Here Krauss does not even pause to consider the responses to this complaint. It’s like he’s not even aware that they exist. In fact I’d put money on it, and here’s the problem. Krauss knows a lot about physics (in spite of him misdiagnosing Craig’s arguments that relate to science). On the whole he knows his subject well, and if he disagrees with someone (especially a religious someone, it turns out), he takes them to task for not – so he thinks – really understanding science. And yet when it comes to arguments outside of that field (like meta-ethics in this case), he charges like a bull without even the slightest background in the relevant arguments and ends up thinking that he has made a victorious rebuttal, not knowing that this is a rebuttal that has been relegated to a long, long list of failed arguments already. The argument is one that should be returned to Krauss with “revise and resubmit” written in red pen on the front.
I’m sure Dr Krauss doesn’t read my blog (I’m not a scientist), but even a relative small timer like me has addressed this in the past (in 2007), when I attempted to explain that the mere fact that God has reasons for commanding as he does cannot, by itself, show that morality is not grounded in God’s commands. The condensed version of the response is to point out that being good for people or being loving or kind does not in itself make something morally required. There are two easily stated reasons for this (and perhaps more). Firstly it falls afoul of the fact/value distinction, as noted by Hume (who note that no strictly evaluative conclusion or ought statement can be inferred solely from non-evaluative, descriptive premises). Secondly, inferring directly from “good, kind” etc to “morally required” has the absurd conclusion that we are morally required to do a vast number of things most of which are incompatible (since it would be good for people if I became a foreign aid worker, and it would also be good for people if I did other things here in New Zealand, for example).
I followed the above blog post up much later with a blog about how God’s reasons for commanding as he does do not require him to command in a given way, they merely offer constraints. Others have made the point before me; Philip Quinn, Baruch Brody, John Hare, Robert Adams. But if one is going to get hot under the collar and complain about another person’s ignorance in a field of study, and then bring out the “big guns” and offer a purportedly devastating critique, one really cannot afford to then just offer a weak old objection that has been squarely addressed multiple times. But Krauss seems oblivious to all of this.

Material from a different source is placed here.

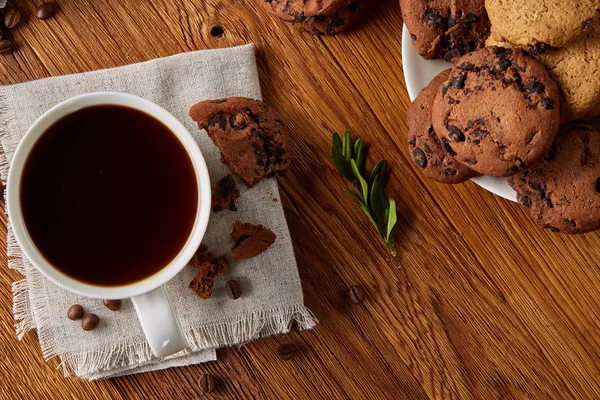 Coffee cup, jar with coffee beans, cookies over rustic background, selective focus, close-up, top view — Stock Photo, Image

There’s a valuable lesson here about having one’s house in order before trying to mend others’, or about glass houses and stone throwing (the other lesson is about writing about your disagreements with people while still angry). While I don’t think that it’s acceptable for other people to fall prey to such ignorance combined with confidence just because “Krauss does it too” (and as I said, I don’t think Craig’s arguments succumb to Krauss’s criticisms anyway), given that Krauss himself complains that others blunder into territory that the simply don’t understand, I cannot resist the comeback: Physicist, heal thyself! (Badum tish).